▶ **ASSIGNMENT**
For the material below, the expected output is exactly the lines between the line holding "always in our" and the line holding "Riess-Ambiente Sitzhocker|Samt Möbel", inclusive, with pictures left out.

▶ **MATERIAL TO PROCESS**
Start of Block

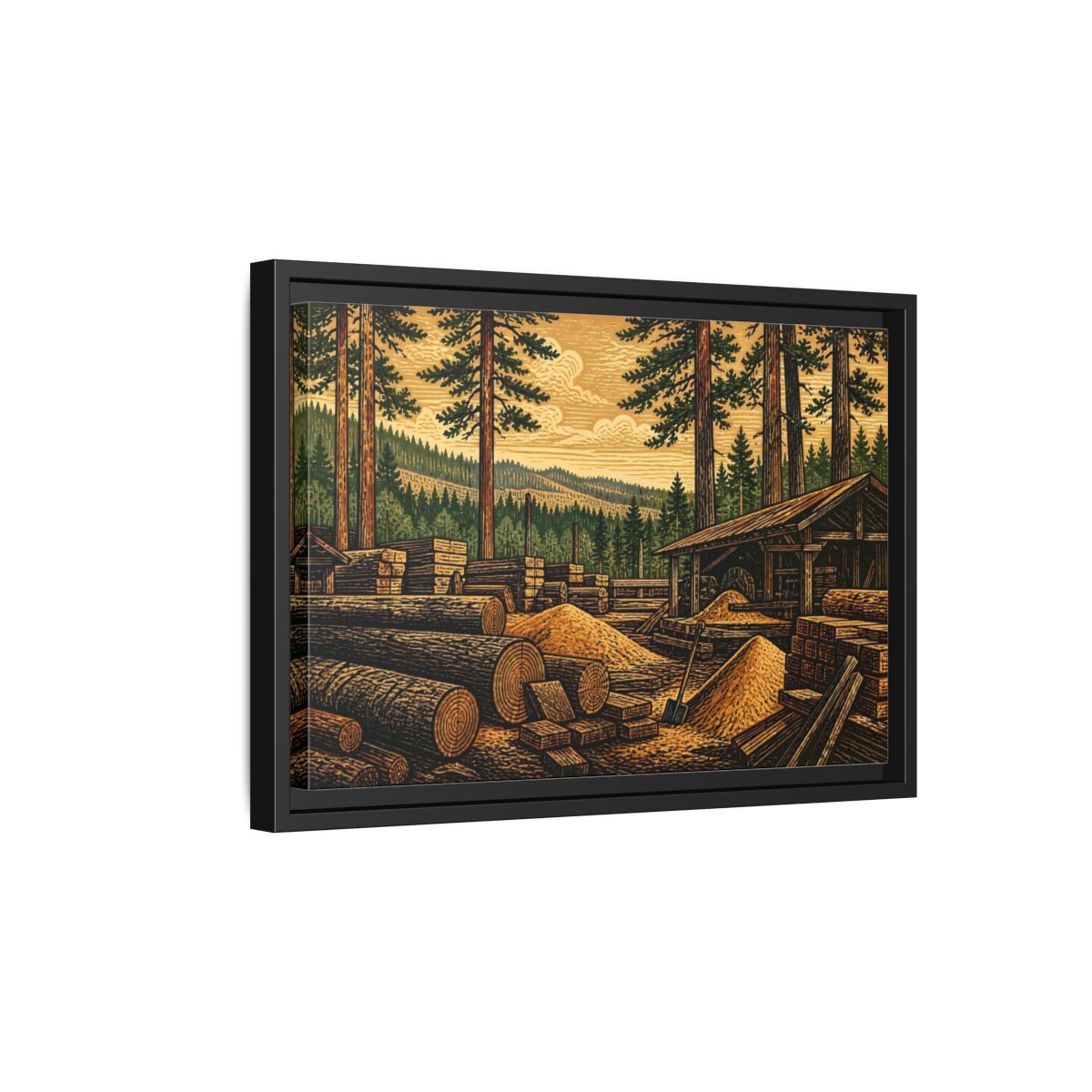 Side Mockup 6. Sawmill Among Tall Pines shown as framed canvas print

End of Block
Start of Block

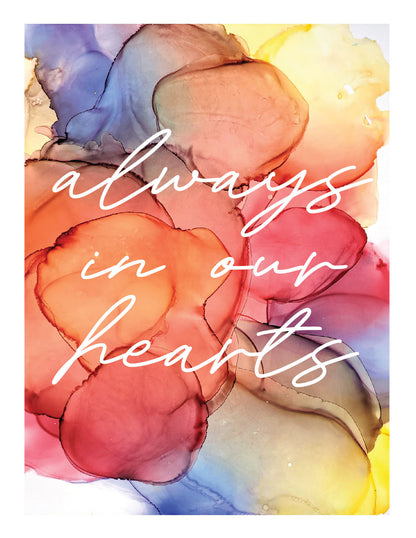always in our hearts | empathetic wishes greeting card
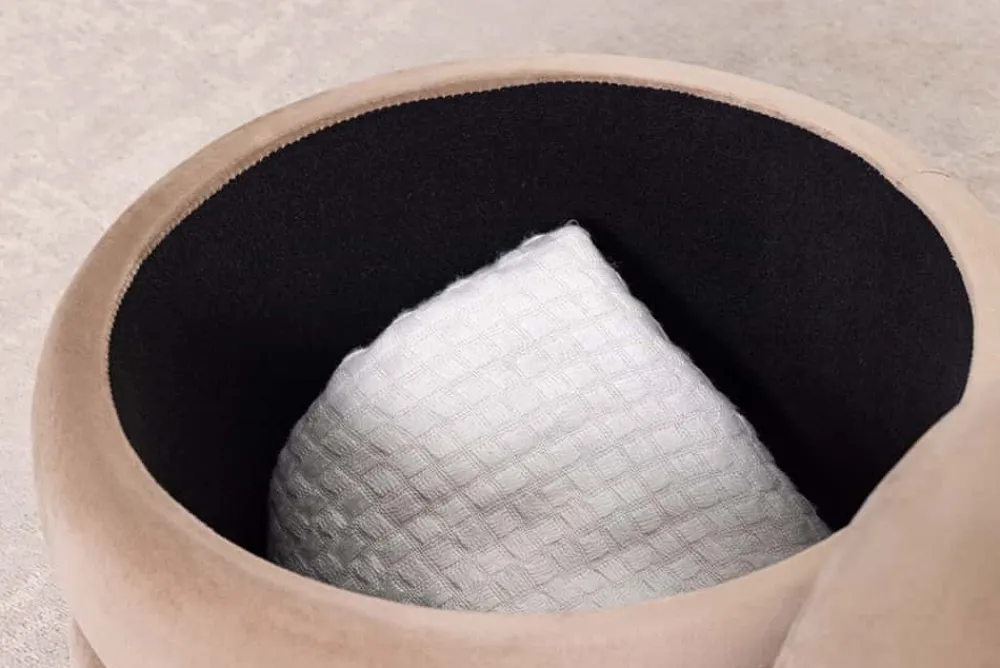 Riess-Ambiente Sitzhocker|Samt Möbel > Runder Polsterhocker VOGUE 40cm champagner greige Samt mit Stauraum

End of Block

▶ **RESPONSE TO THIS EXERCISE**
always in our hearts | empathetic wishes greeting card
 Riess-Ambiente Sitzhocker|Samt Möbel > Runder Polsterhocker VOGUE 40cm champagner greige Samt mit Stauraum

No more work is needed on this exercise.